She Waited with Me

Flydah. A friend in Kenya. Excited about my DAUGHTER who was coming soon. The year was 2015. Our girl was to come home on April 14th. We’d only found out about her ten days before.

We were going to meet them. The two people who had made her. One of the people who cared for her after taking her from where she’d had her arm fractured. (A baby home.) And her. Our precious daughter. A girl I chose and hated choosing. They’d given us two to choose from. That was never part of the plan. We were to be told about one and then have 24 hours to decide. But, we were Black and so we didn’t have to be scrutinized as much nor matched as perfectly as others who were Black. We didn’t care what the baby’s skin tone would be like. We didn’t care about how kinky her hair would be. I didn’t even care if she was HIV positive or not, though her future father did care and did not want a positive child.

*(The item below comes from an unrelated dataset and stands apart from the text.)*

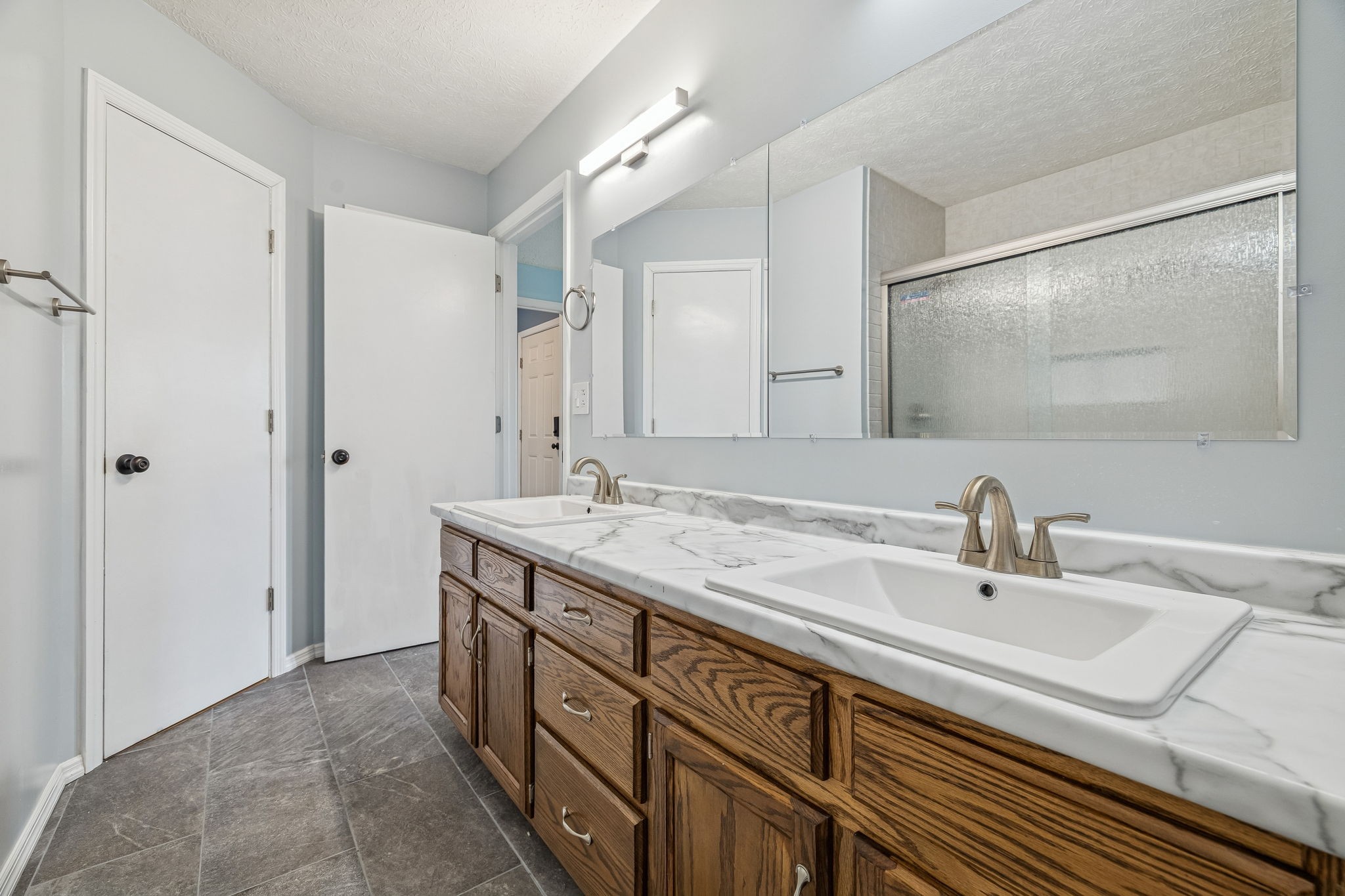 179 West Hester Road Cottontown, TN 37048 - Photo 24 of 43 a bathroom with double sink and a mirror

We waited. 24 years in the making. My daughter was coming at last. Born in my heart as a wish when I was ten years old. Waited for. Prayed for. She had been a plan in the marriage planning days but then her father to be had changed his mind.

I still don’t know what made him decide to adopt. It sure isn’t fatherly feelings. But here she is. And it was also because of her that I felt I couldn’t divorce in 2016. I thought I owed her mother to be the two parent family she’d wanted for her daughter. Little knowing that she would not care. And would want me to be free!

Flydah, Mama Abigail, waited with me. Asking when our daughter was coming. Unlike my mother in law and my mother, she had always viewed her as my daughter. Not some foundling. Not an act of charity. But a daughter.

Tuesday will be 11 years since we met her and welcomed her into our family. At her request, we will celebrate and be happier on this day than on her birthday, a day that reminds her that she wasn’t born to me, her mother. April 14, 2015 is the day for my daughter. The day she met her mother and became hers.